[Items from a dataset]
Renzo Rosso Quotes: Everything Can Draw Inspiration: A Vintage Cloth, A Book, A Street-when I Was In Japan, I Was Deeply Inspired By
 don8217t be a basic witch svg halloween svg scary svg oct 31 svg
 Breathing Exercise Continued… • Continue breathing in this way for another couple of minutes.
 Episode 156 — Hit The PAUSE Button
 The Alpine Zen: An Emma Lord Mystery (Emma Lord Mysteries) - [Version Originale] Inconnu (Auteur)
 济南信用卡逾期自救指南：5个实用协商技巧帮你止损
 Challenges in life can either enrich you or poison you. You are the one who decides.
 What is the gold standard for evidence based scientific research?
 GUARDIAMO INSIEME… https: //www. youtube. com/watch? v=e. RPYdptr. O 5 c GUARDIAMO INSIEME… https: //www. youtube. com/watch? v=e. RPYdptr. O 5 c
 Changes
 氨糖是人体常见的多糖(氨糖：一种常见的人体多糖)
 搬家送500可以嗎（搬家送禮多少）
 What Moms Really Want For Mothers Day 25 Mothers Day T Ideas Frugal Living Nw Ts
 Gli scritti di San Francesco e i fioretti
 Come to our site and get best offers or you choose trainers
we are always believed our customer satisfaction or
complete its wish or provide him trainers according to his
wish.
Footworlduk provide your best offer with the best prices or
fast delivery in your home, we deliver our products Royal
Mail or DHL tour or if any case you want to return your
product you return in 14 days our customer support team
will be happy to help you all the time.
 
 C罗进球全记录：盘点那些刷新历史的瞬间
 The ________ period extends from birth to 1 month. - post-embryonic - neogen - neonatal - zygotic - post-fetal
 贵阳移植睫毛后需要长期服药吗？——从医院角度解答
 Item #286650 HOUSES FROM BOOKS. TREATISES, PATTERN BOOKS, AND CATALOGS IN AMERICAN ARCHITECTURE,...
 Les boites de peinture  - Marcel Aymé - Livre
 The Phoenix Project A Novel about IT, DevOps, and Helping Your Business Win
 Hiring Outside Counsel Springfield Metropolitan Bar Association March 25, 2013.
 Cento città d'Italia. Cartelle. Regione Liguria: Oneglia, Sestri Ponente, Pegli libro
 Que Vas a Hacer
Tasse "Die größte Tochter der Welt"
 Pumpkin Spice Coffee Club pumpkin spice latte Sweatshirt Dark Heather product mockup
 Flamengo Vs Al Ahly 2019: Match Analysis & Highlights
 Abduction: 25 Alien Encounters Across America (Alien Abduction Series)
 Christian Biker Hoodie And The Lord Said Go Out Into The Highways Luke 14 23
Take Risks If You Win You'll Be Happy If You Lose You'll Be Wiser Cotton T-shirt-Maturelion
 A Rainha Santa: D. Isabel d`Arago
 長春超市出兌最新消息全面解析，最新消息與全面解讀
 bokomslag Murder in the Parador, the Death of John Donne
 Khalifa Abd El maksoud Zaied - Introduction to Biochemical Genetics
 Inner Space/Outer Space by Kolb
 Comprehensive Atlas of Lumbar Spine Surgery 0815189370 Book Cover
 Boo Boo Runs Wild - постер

Exercise aim
Copy every line of the data above, beginning with the first and ending with the line that contains "The Alpine Zen: An", and give nothing more.

Answer for the task
Renzo Rosso Quotes: Everything Can Draw Inspiration: A Vintage Cloth, A Book, A Street-when I Was In Japan, I Was Deeply Inspired By
 don8217t be a basic witch svg halloween svg scary svg oct 31 svg
 Breathing Exercise Continued… • Continue breathing in this way for another couple of minutes.
 Episode 156 — Hit The PAUSE Button
 The Alpine Zen: An Emma Lord Mystery (Emma Lord Mysteries) - [Version Originale] Inconnu (Auteur)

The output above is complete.